NETU Newsletter 02/2020

Vom Vorstandsvorsitzenden

Sehr geehrte Damen und Herren,
sehr geehrte Mitglieder und Kooperationspartner,

ich begrüße Sie herzlich zur aktuellen Ausgabe unseres Newsletters.    

Wir sind alle Zeugen eines grauenvollen rechtsradikalen Terroranschlags in Hanau geworden. Wir gedenken in Schmerz und Demut den Menschen, die bestialisch aus dem Leben gerissen wurden. Möge unser Schöpfer ihrer Seelen gnädig sein und ihren Familien Kraft schenken. Wir gedenken auch den Verletzten und hoffen, dass sie baldmöglichst genesen werden.  

Es ist die traurige Realität unseres Landes und unserer Gesellschaft, dass sich der Rassismus und insbesondere die Islamfeindlichkeit vor dem Hintergrund des politischen Klimas der letzten Jahre zunehmend in Gewalt, Hass und Terror gegen Mitbürger aus unserer Mitte entlädt. Es ist auch eine Folge unserer gesellschaftlichen Verrohung. Rechtspopulisten und geistige Brandstifter, die im Deckmantel von Meinungs- und Pressefreiheit, Politik oder Kunst die Hetze in die Mitte unserer Gesellschaft tragen, haben eine gewaltige moralische Mitverantwortung an der Eskalation von Terror und Gewalt. Denn sie bieten den Nährboden, auf dem Hass und Feindschaft gegen bestimmte Gruppen unserer Gesellschaft wachsen und Verschwörungstheorien gedeihen.  

Es ist erschreckend zu beobachten, dass besonders türkeistämmige Menschen und ihre Betriebsstätten in den letzten Jahren zunehmend zur Zielscheibe des rechtsextremen Terrors geworden sind. Sind es doch gerade diese Menschen, die mit hunderttausenden Unternehmen eine unvergleichliche Erfolgsgeschichte aufweisen und unsere Volkswirtschaft bedeutend mit ihrem Engagement bereichern. Umso mehr ist es an der Zeit, dass wir uns gemeinsam gegen jegliche Form von Hass, Hetze und Rechtspopulismus stellen. Dieser Terror ist nämlich ein Angriff auf uns alle. Es ist ein Angriff auf unsere offene Gesellschaft, unsere Demokratie und unsere Freiheit. Wir dürfen nicht zulassen, dass antimuslimischer Rassismus unsere Gesellschaft weiter vergiftet.  

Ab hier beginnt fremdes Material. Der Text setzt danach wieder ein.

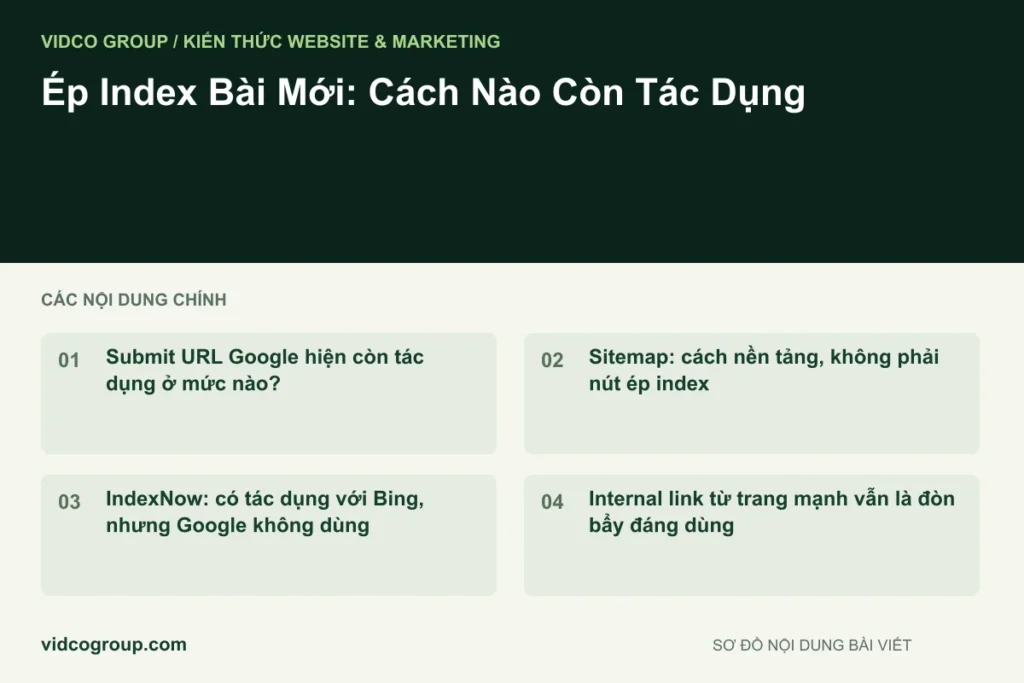Ép Index Bài Mới: Cách Nào Còn Tác Dụng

Im Bewusstsein unserer gesamtgesellschaftlichen Verantwortung als NETU, Netzwerk Europäisch-Türkischer Unternehmen, appellieren wir an unsere gemeinsame Pflicht, unsere Demokratie zu verteidigen und entschlossen jeglicher Form von Terror und Hass entgegenzustehen. Es ist unsere historische Verantwortung, die grundlegenden Menschenrechte als Errungenschaften unserer Zivilisation zu wahren und zu schützen.    

 

Im Sinne unserer sozioökonomischen Schlüsselrolle an wichtigen, gesellschaftlichen Schnittstellen führen wir sowohl auf der Bundesebene als auch in verschiedenen Teilen Europas unsere Kooperationen mit steigendem Engagement fort.  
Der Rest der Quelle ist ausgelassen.